PROBLEM REQUIREMENTS:
What is needed is an exact copy of the lines from the one containing "How-to-Become-an-Insurance-Broker-Two-People-Talking" through the last line of the records, with no pictures.

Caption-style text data

* * * * * * * * *

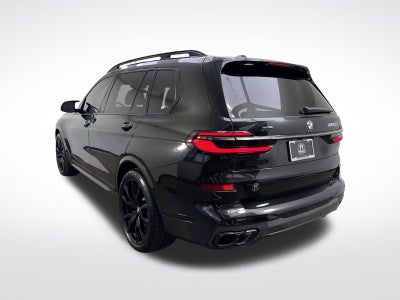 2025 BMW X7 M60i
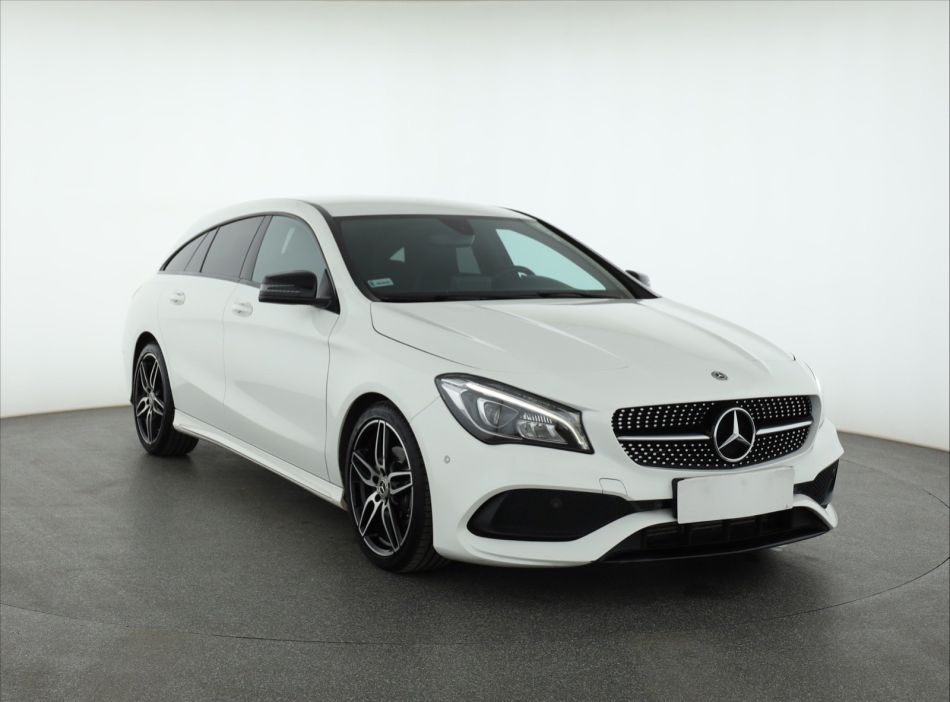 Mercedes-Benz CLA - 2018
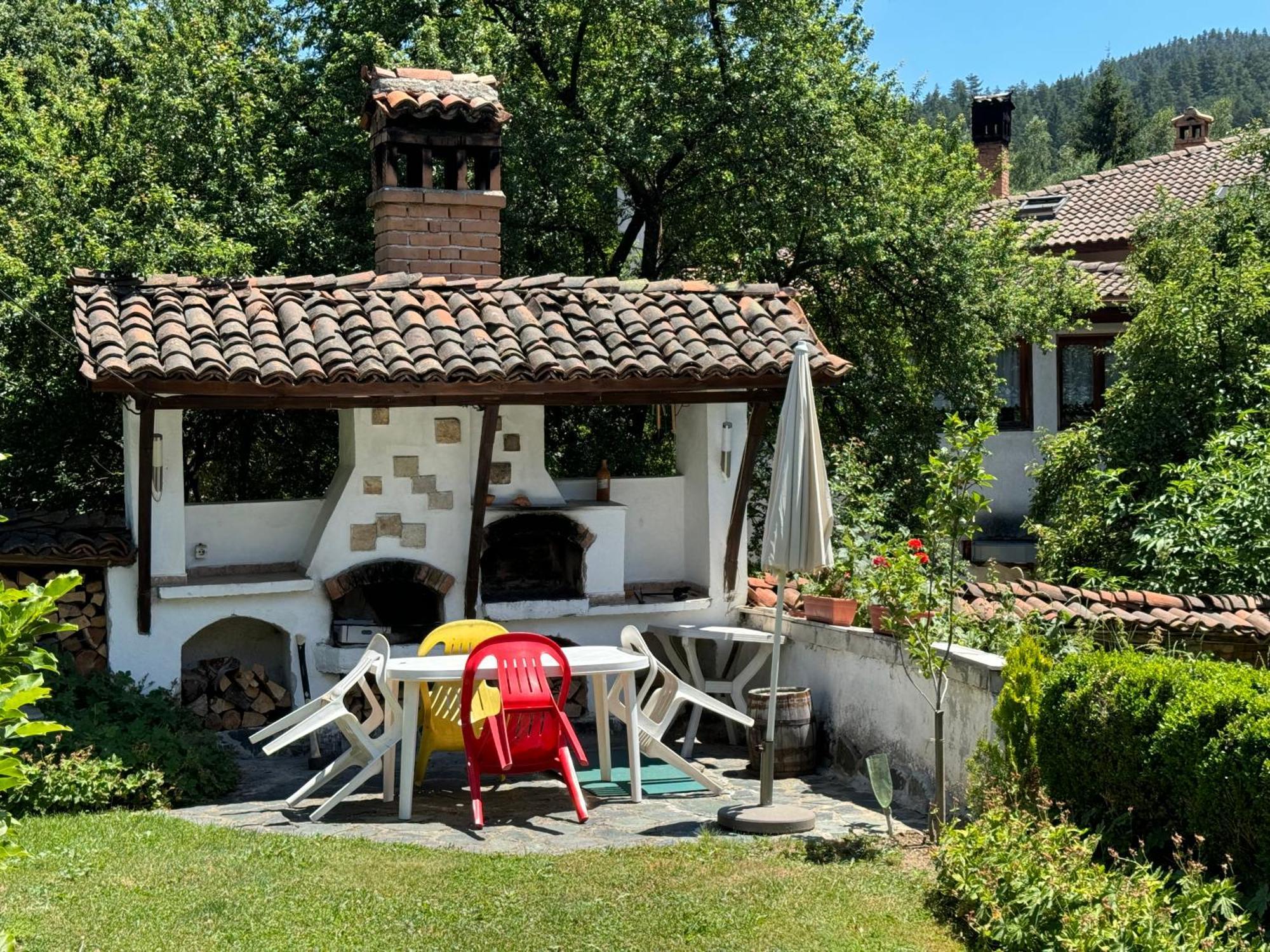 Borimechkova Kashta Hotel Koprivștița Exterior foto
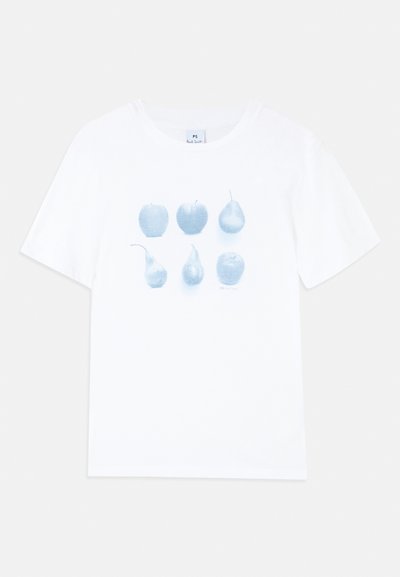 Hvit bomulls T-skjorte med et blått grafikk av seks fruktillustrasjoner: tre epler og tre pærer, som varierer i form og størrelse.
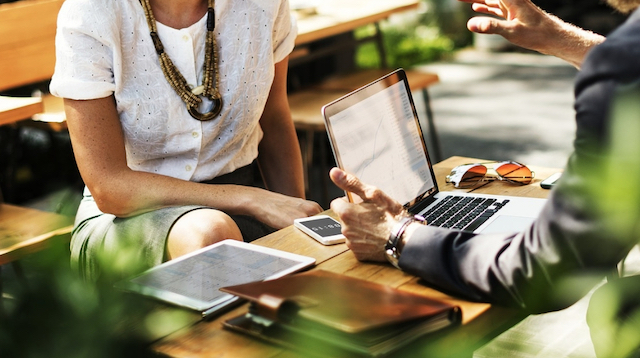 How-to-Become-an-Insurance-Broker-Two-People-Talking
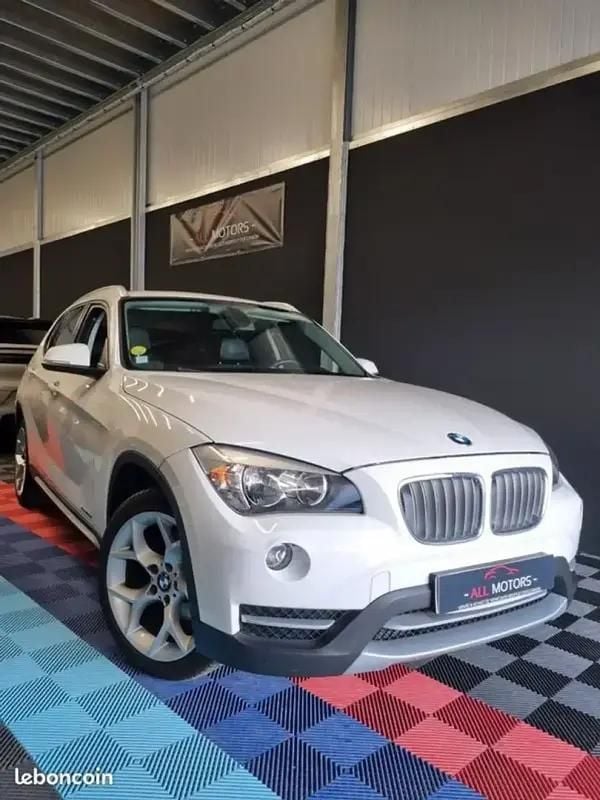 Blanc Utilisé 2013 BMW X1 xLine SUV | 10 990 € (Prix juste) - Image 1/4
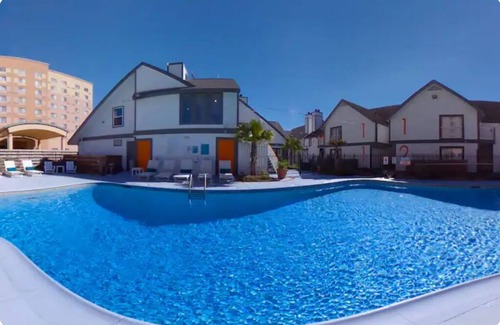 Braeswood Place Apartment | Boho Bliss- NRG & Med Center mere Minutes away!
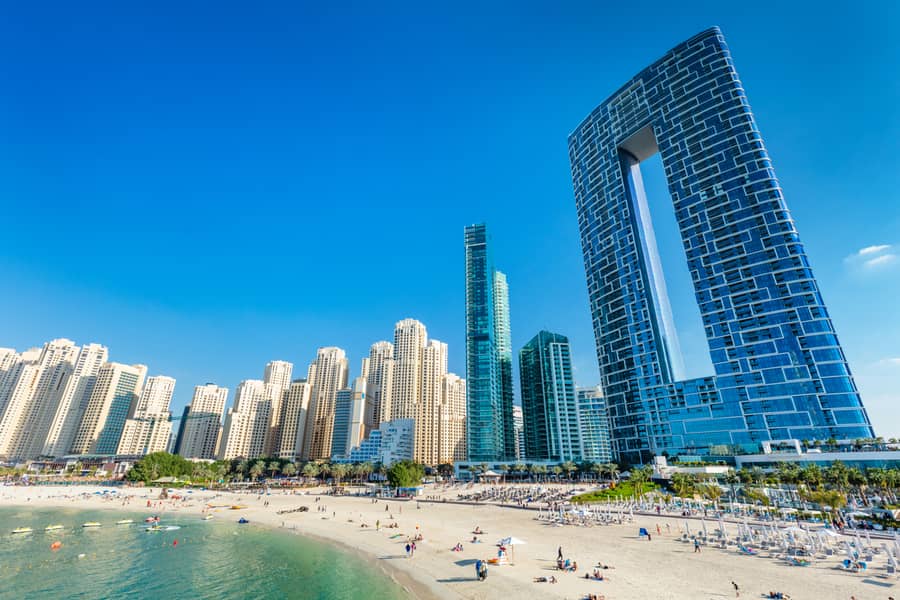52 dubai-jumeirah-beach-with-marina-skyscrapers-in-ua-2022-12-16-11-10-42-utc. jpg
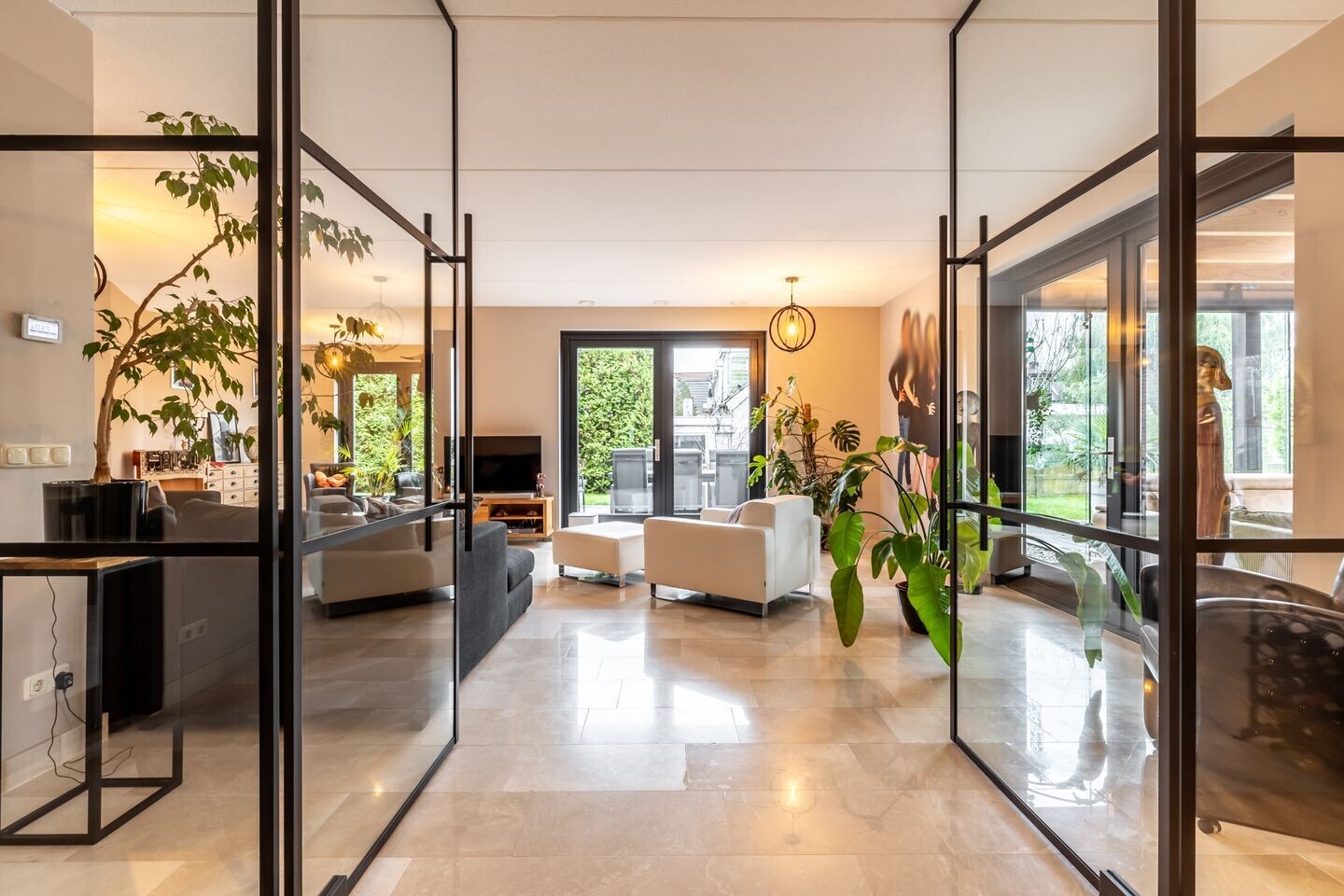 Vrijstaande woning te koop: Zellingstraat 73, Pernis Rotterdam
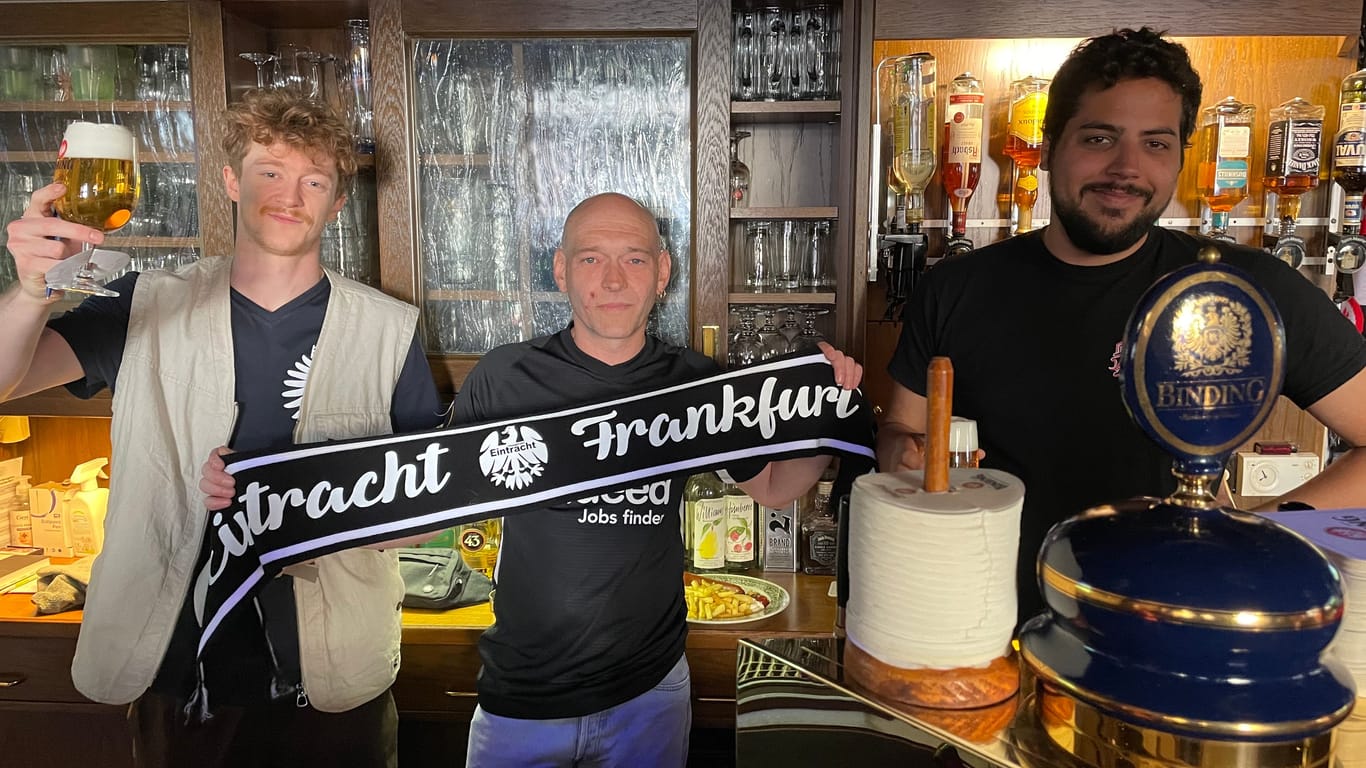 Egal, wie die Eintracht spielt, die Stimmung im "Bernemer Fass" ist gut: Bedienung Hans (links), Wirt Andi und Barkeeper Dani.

* * * * * * * * *

REPLY TO THE EXERCISE:
 How-to-Become-an-Insurance-Broker-Two-People-Talking
 Blanc Utilisé 2013 BMW X1 xLine SUV | 10 990 € (Prix juste) - Image 1/4
 Braeswood Place Apartment | Boho Bliss- NRG & Med Center mere Minutes away!
52 dubai-jumeirah-beach-with-marina-skyscrapers-in-ua-2022-12-16-11-10-42-utc. jpg
 Vrijstaande woning te koop: Zellingstraat 73, Pernis Rotterdam
 Egal, wie die Eintracht spielt, die Stimmung im "Bernemer Fass" ist gut: Bedienung Hans (links), Wirt Andi und Barkeeper Dani.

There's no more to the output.